DESCRIPTION OF THE TASK:
Give exactly the lines from the one that contains "Linen Blend Print" through the end of the entries below, both included; the pictures stay out.

"""

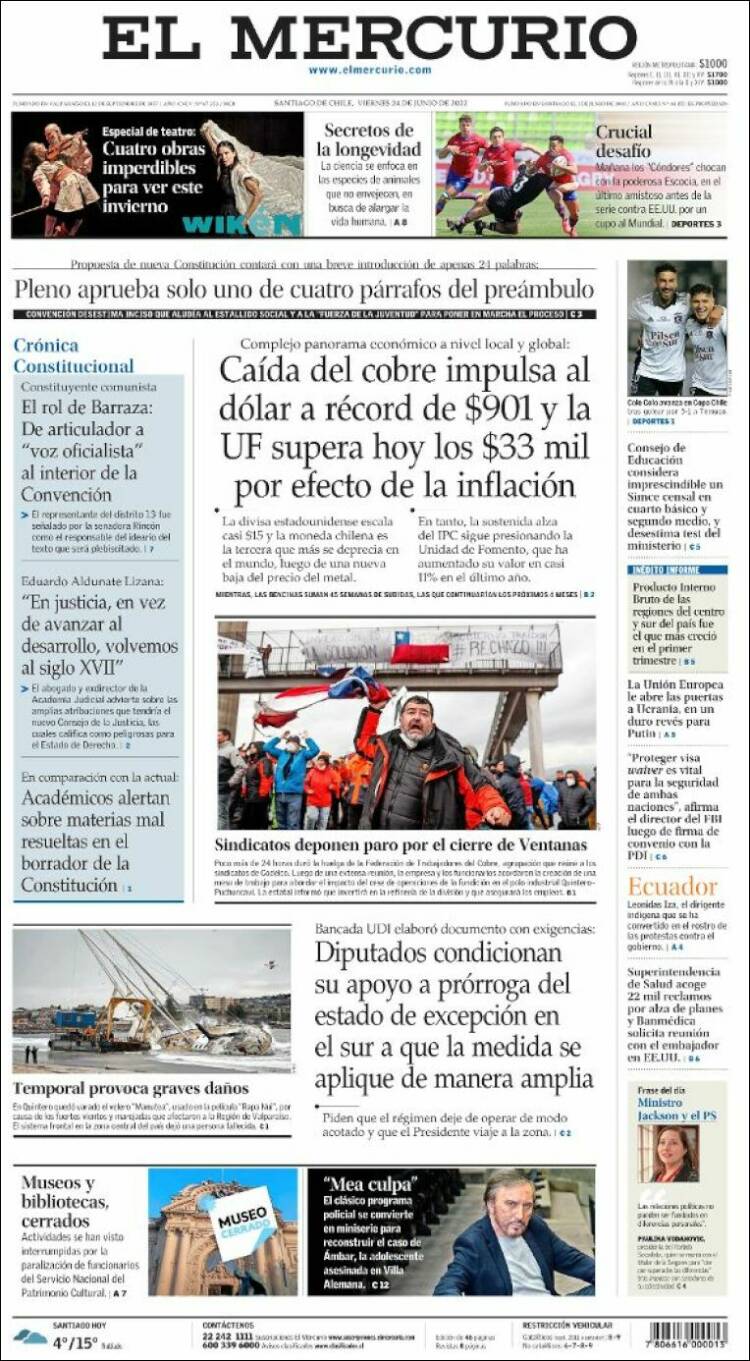 Portada de El Mercurio (Chile)
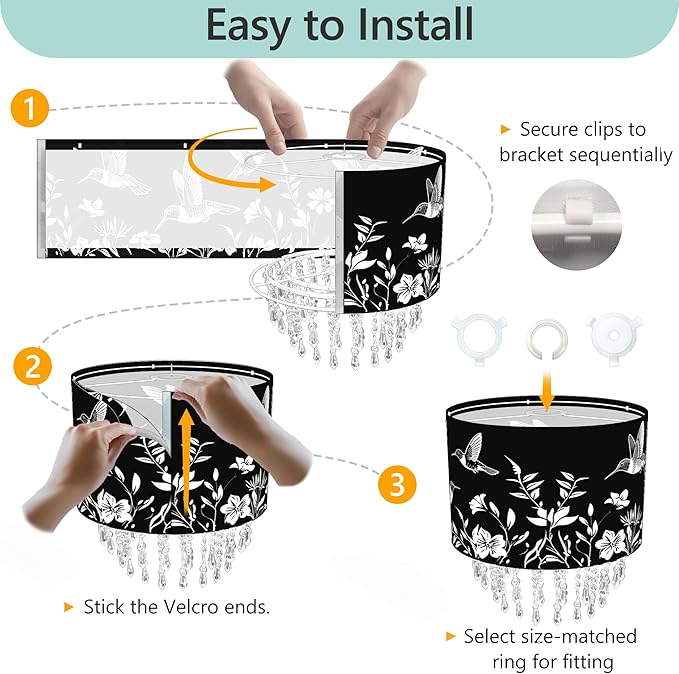Hummingbird & Floral Lamp Shade with Crystal Bead Droplets, Black & White Drum Fabric Light Shade for Ceiling Pendant Table & Floor Lamps, Nature-Inspired Decor, 11.8in
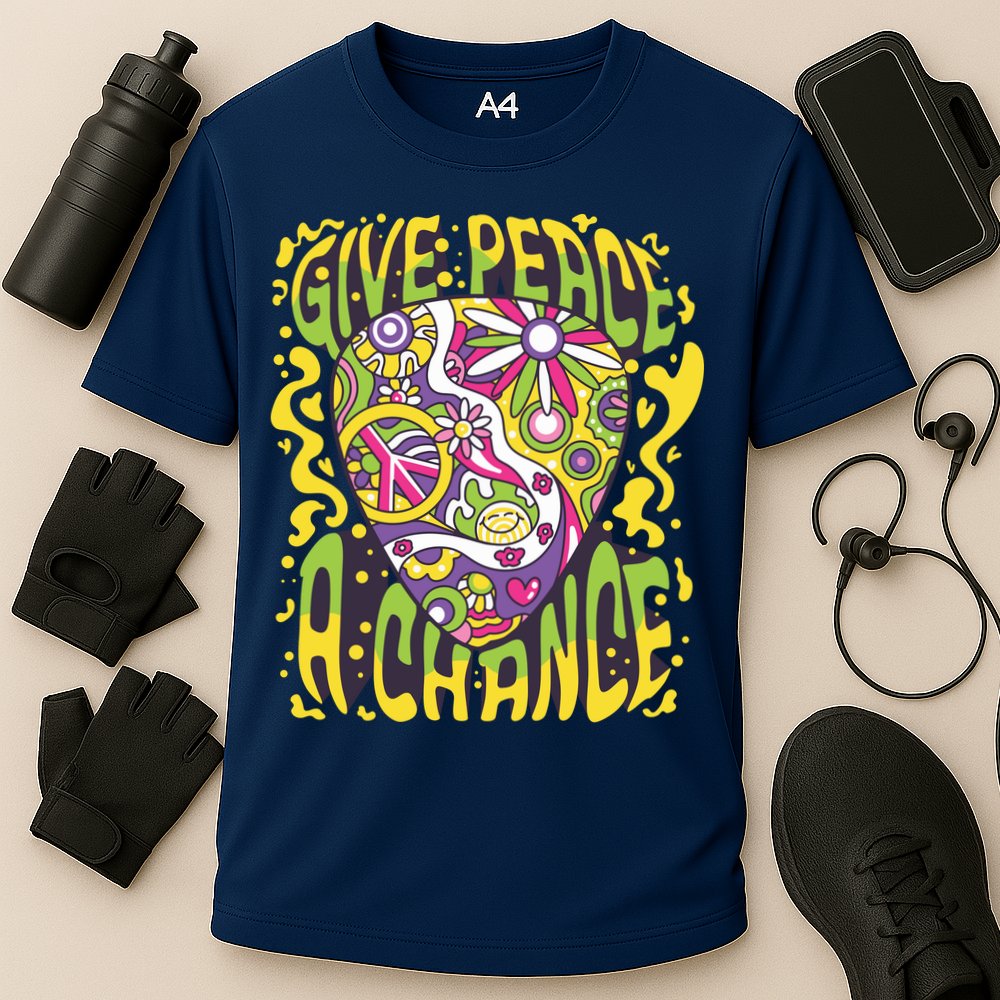 Give Peace A Chance Hippie Guitar Pick Cooling Performance Crew T-Shirt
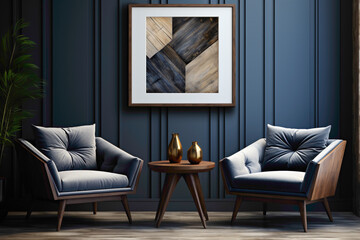 Step into a room of simplicity with dark blue and grey chairs creating a balanced composition. 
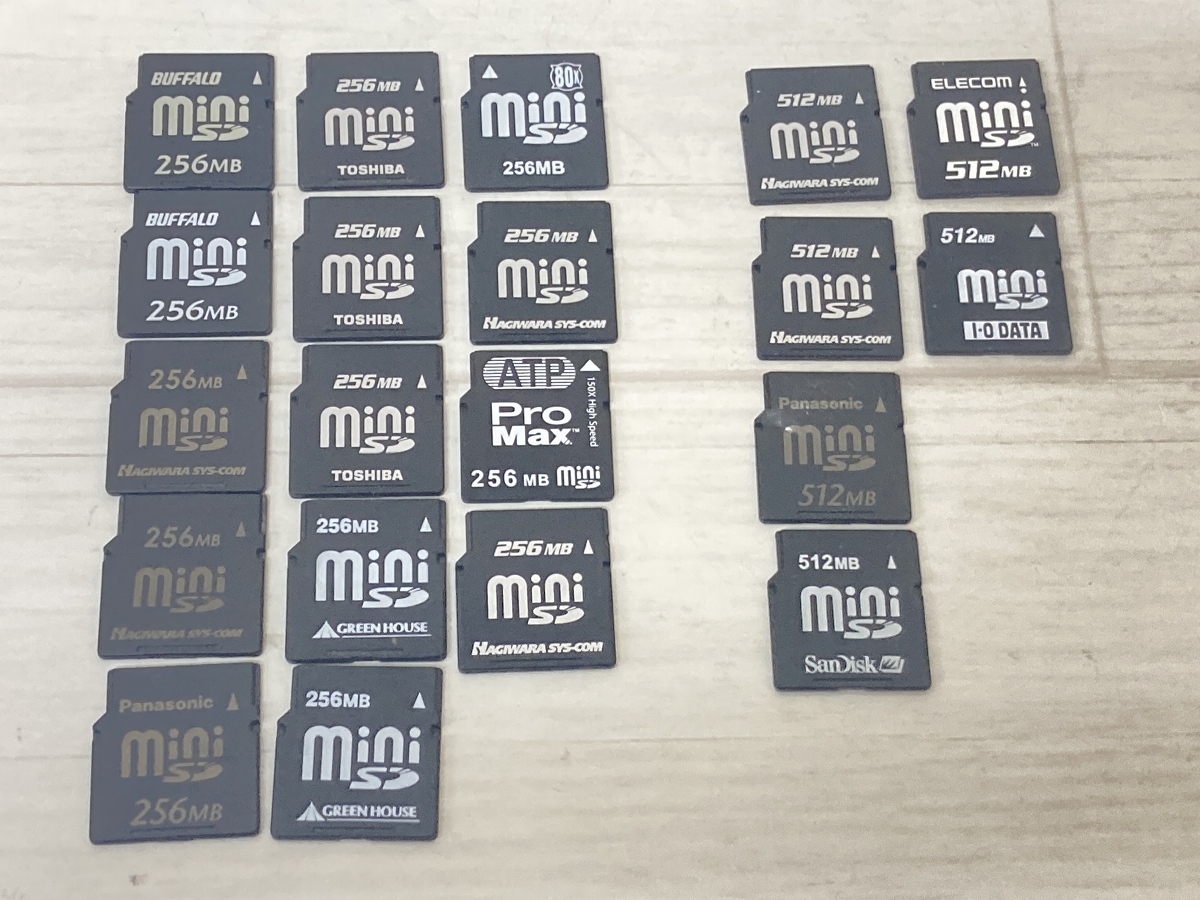 MiniSDカード 256MB×14/512MB×6 計20枚 メーカーランダム 20枚セット ※フォーマット済み Ni-②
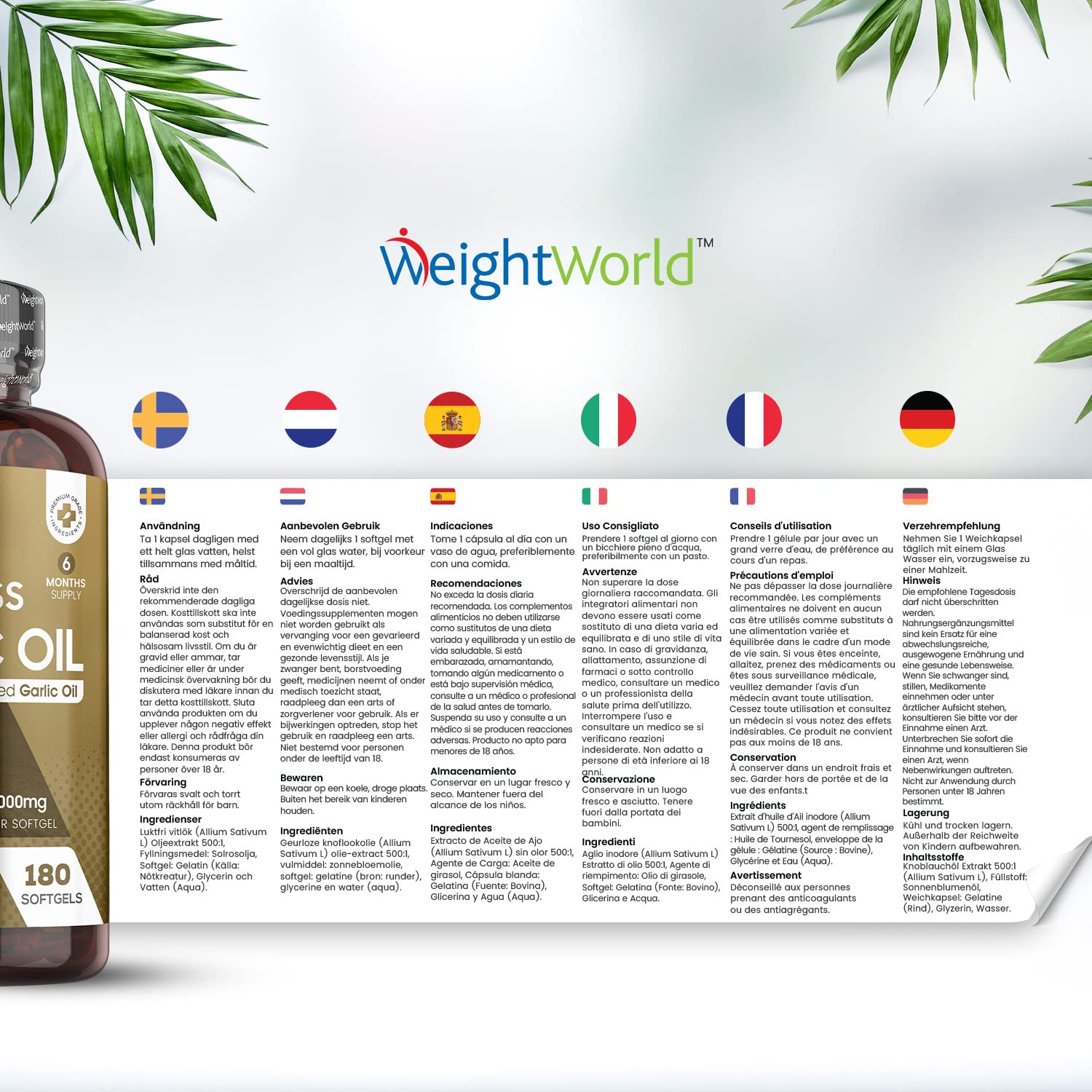 Odourless Garlic Capsules 30,000mg 180 Softgels (Up to 2 Softgels A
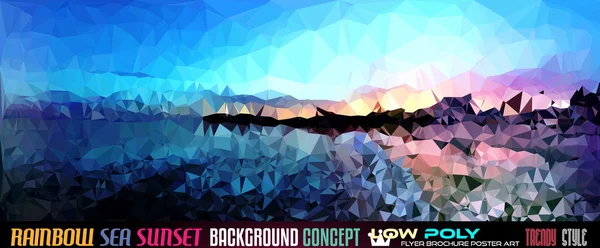 Low Poly Sea Sunset — Stock Vector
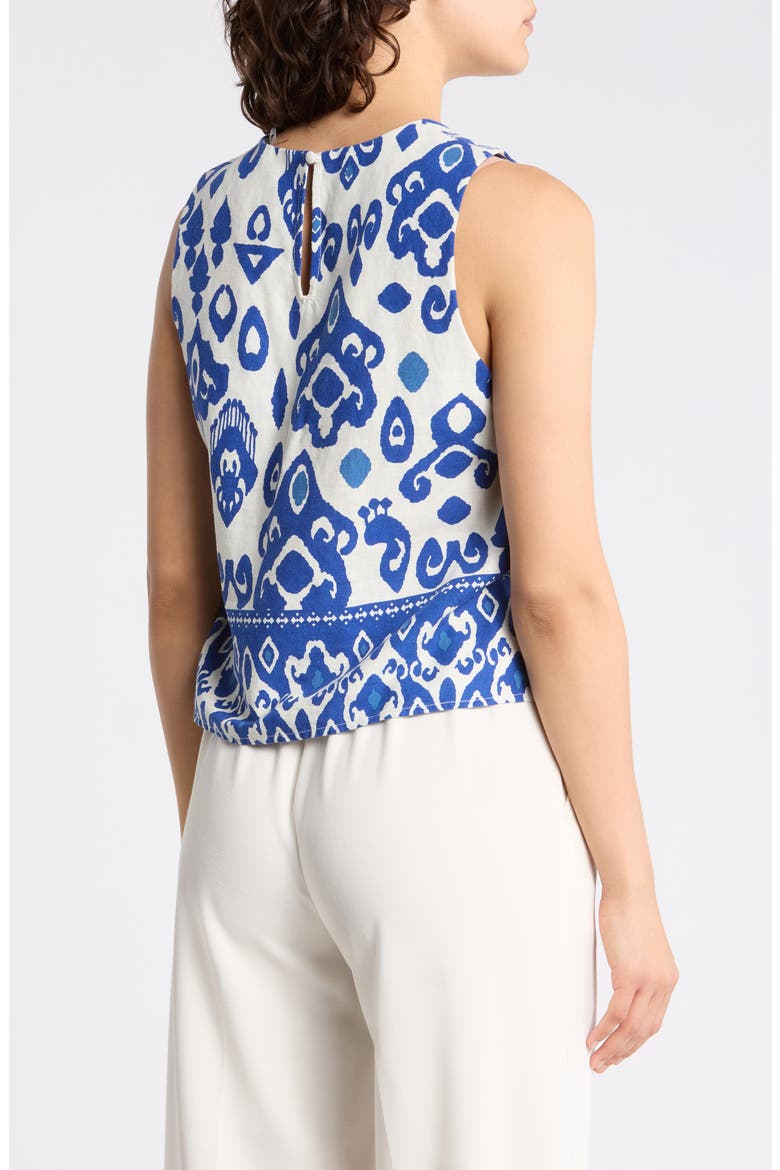 Linen Blend Print Top, Alternate, color, IVORY/ BLUE ABSTRACT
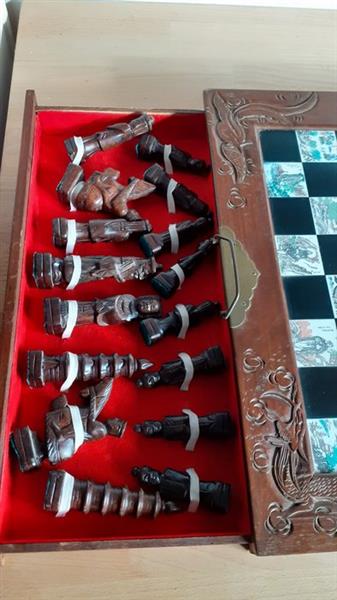 Grote foto schaakspel hout antiek en kunst curiosa en brocante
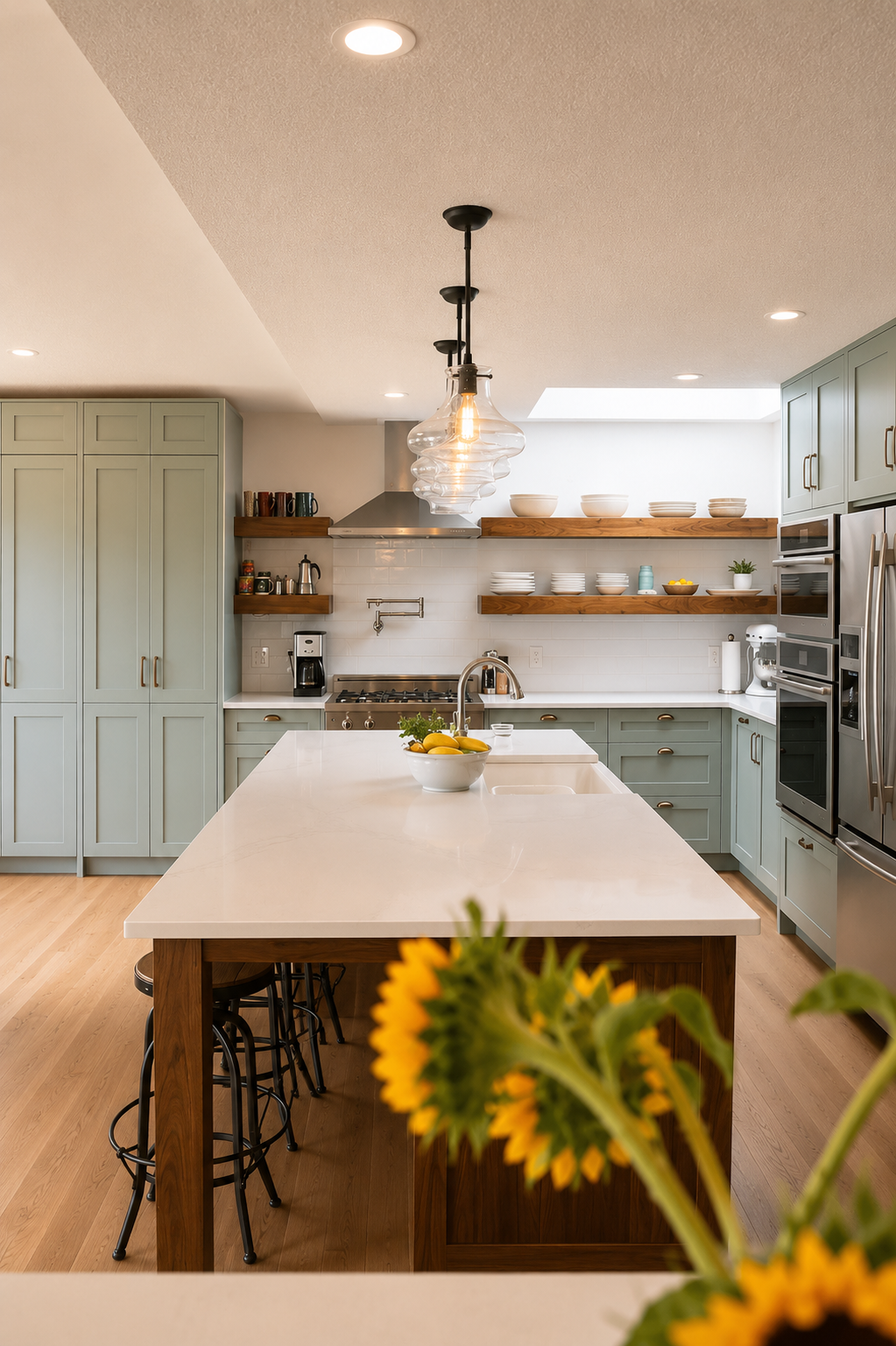 Custom kitchen with soft green cabinetry, natural wood island, open shelving and handcrafted storage by Winters Woodworks.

"""

FINISHED EXERCISE:
 Linen Blend Print Top, Alternate, color, IVORY/ BLUE ABSTRACT
 Grote foto schaakspel hout antiek en kunst curiosa en brocante
 Custom kitchen with soft green cabinetry, natural wood island, open shelving and handcrafted storage by Winters Woodworks.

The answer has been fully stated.